EXERCISE AIM =
Apart from the pictures, every record here must be copied word for word.
━━━ EXTRACTED ENTRIES
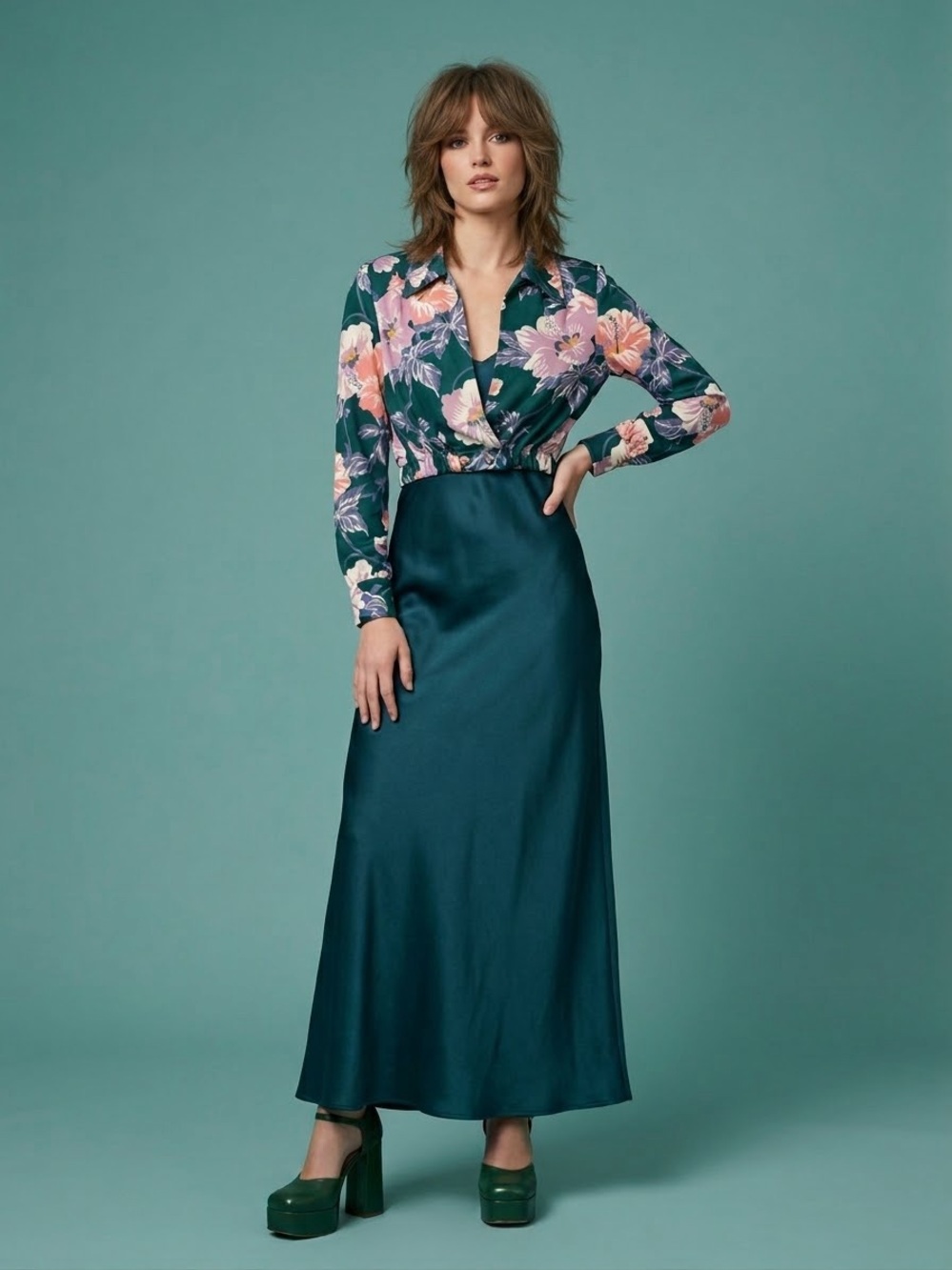 Vintage 70s Tropical Floral Surplus Wrap Crop Jacket Top Long Sleeve Green Pink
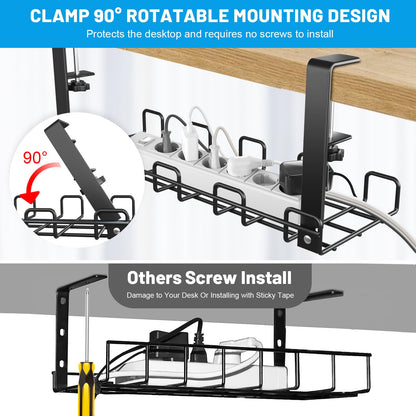 Lannvan Cable Management Desk without Drilling - 2 Pack Steel Desk Cable Organizer - Includes Accessories - Clampable Cable Tray Under Desk - Desk Organizer for Office/Home - Black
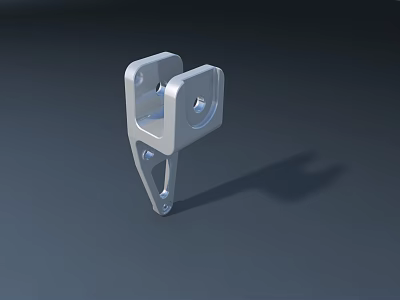 White Metal Faucet Installation Bracket With Multiple Holes 3D Model Design 3d model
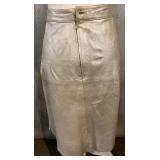 Vintage Sara Fredericks Beaded Leather Jacket with Fringe, Top & Matching Skirt Set - Made in France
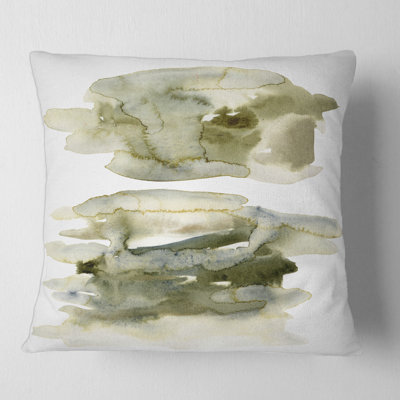Dark Green Abstract Clouds II Abstract Pillow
━━━━━━
PROBLEM SOLUTION =
 Vintage 70s Tropical Floral Surplus Wrap Crop Jacket Top Long Sleeve Green Pink
 Lannvan Cable Management Desk without Drilling - 2 Pack Steel Desk Cable Organizer - Includes Accessories - Clampable Cable Tray Under Desk - Desk Organizer for Office/Home - Black
 White Metal Faucet Installation Bracket With Multiple Holes 3D Model Design 3d model
 Vintage Sara Fredericks Beaded Leather Jacket with Fringe, Top & Matching Skirt Set - Made in France
Dark Green Abstract Clouds II Abstract Pillow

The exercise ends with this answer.